The result of the Brexit referendum in the United Kingdom has raised some serious concerns about the democratic/electoral process even in such mature jurisdictions as the United Kingdom.
Philippe Forget, Chairman of the La Sentinelle press group, has in an article in L’express (Sunday last) raised the question of whether the democratic system of governance as we have known it has not outgrown its pertinence. It is true that the recent referendum has resulted in a decision which, on the face of it, seems to go against the trend of recent history and indeed the decision to exit the European Union was carried by the “reactionary” arguments about the “fear” of mass immigration and insecurity among blue-collar workers and sentimentalist nationalism more than anything else. A large fraction of the electorate has undoubtedly been swayed by the populist, racist and xenophobic arguments peddled by the extreme right parties as well as a pack of straight lies and unjustifiable promises made by those who never imagined that they would eventually be confronted with their own unworkable fabrications – such as the 350M Pound sterling which would suddenly become available for investments in the NHS in case of Britain leaving the European Union.

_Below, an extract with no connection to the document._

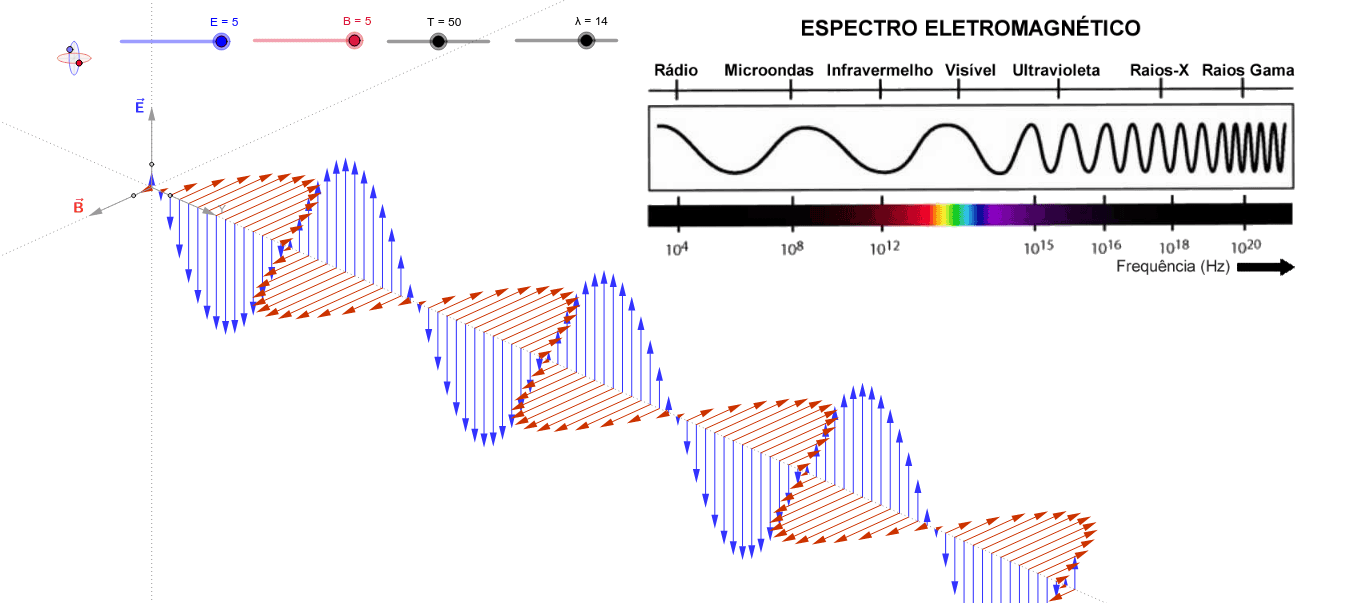 Portal del Profesor - Ondas Eletromagnéticas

The irony is that millions of people also supported the Brexit campaign for reasons which are diametrically opposed to the arguments of the like of extreme right UKIP and its obnoxious leader Nigel Farage. Many left-leaning voters expressed their disapproval of neo-liberal economic policies which alienated large sections of the population from the mainstream political process. The losers of the globalization process, impoverished middle class families and workers who felt more and more insecure in their jobs and their future rallied to the Brexit cause. At the end of the day the general sense which prevails these days is that given a second chance the majority of Britons would most probably vote for remaining in the EU.
All the above have contributed to a situation in which the very validity and appropriateness of the process of “popular consultations” (elections or referenda) on issues of vital importance for a country – and in a globalized connected world these would often have global implications as in the case under review here — is being insidiously challenged with potentially serious consequences for the democratic forms of representative government.

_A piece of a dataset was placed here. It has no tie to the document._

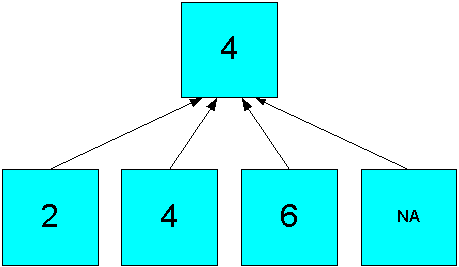 Diagram of four values averaged into one value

Failure of democracy or of the elites?
The political/philosophical question of the role of the elites in governance has been at the centre of the debate about the ideal political organization, starting with the ancient Greeks and Plato’s Republic. All through history some have argued that it was dangerous to let the power lie in the hands of the masses when it comes to taking key decisions for the future of a nation. As opposed to this there have been those who, since the “siècle des Lumières”, have been arguing that the populations should be the final repository of the power to decide on what is best for the nation.
We shall not here indulge in the whole history of the debate but simply note that the most acceptable compromise seems to have been reached in the aftermath of the bourgeois revolutions in Europe and the rise of the capitalist mode of production leading to the demise the “divine rights” of monarchies. This was followed by the emergence of various forms of parliamentary democracies and the concept of “deputation.” Through regular elections, after the adoption of adult suffrage in a country, the people “depute” their representatives to Parliament for a limited period of time and with a mandate to carry out a definite programme.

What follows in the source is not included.